2009-08-28 Thread nate
Rudi Ahlers wrote:

> But the one piece of of the puzzle that I don't understand, will a
> self-build-Linux NAS device, or even Openfiler / FreeNAS give us that
> kind of uptime.

You say that downtime is not an option, so I can say with
absolute confidence there really is nothing you can build for
the budget your looking for that will provide 100% uptime.

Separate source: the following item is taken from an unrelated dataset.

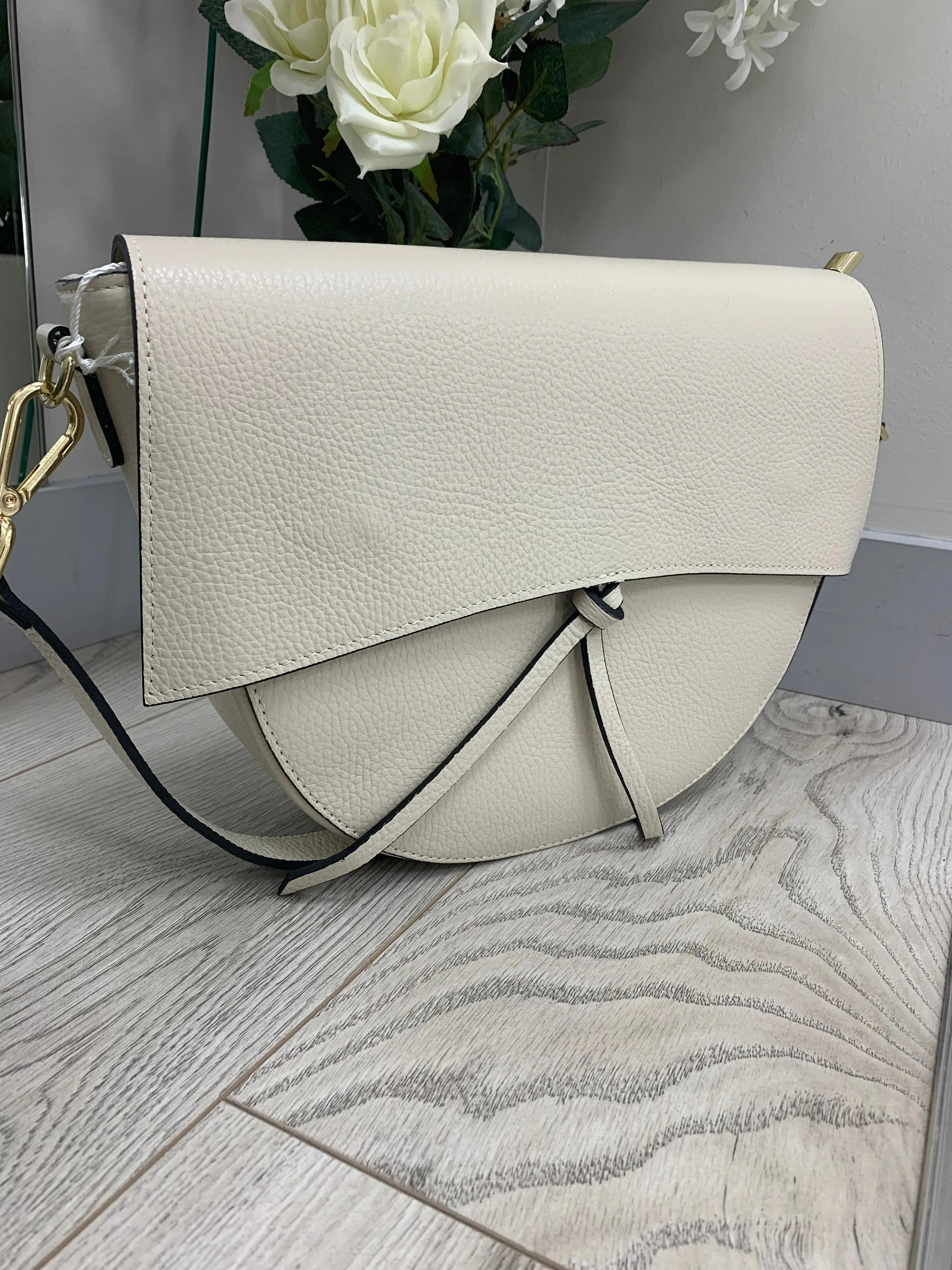 Andrea  Leather Bag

Either set expectations for the budget you have or get a bigger
budget to satisfy the requirements.

There are really only a few storage systems in the world that
will put money down on 100% SLA uptime and they  are all multi million
dollar systems, and even then they will just pay you for any downtime
caused by the storage, that doesn't mean there won't ever be
downtime. And one vendor at least - Hitachi claims they have yet to
have had to pay out on that guarantee(at least as of late last year
when I last talked to them).

Depending on space and performance requirements you can get
a system that's built for 99.999% uptime for about $90-120k in the
U.S.

Even my own new storage system which as configured lists for about
$990k does not guarantee 100% uptime, their goal is 99.999%, so far
we've had 100% uptime over the past year, we've had two soft
failures on the system, one was a Fiber channel HBA firmware crashed
and dumped, the system automatically restarted the HBA chip, the
second was a system level software component segfaulted(the system
runs on Debian), the system auto restarted it, no noticeable
impacts in either case as everything is connected to at least two
active-active controllers..

Providing high availability storage is not a simple task, take
for example a simple thing such as drive firmware upgrades, our
storage system had to undergo drive firmware upgrades this past
weekend due to a bug in the Seagate SATA drives which under very
rare conditions could cause data corruption. The array handled
the firmware upgrades itself, upgrading one drive at a time, took
about 16 hours for 200 disks, zero impact to the system.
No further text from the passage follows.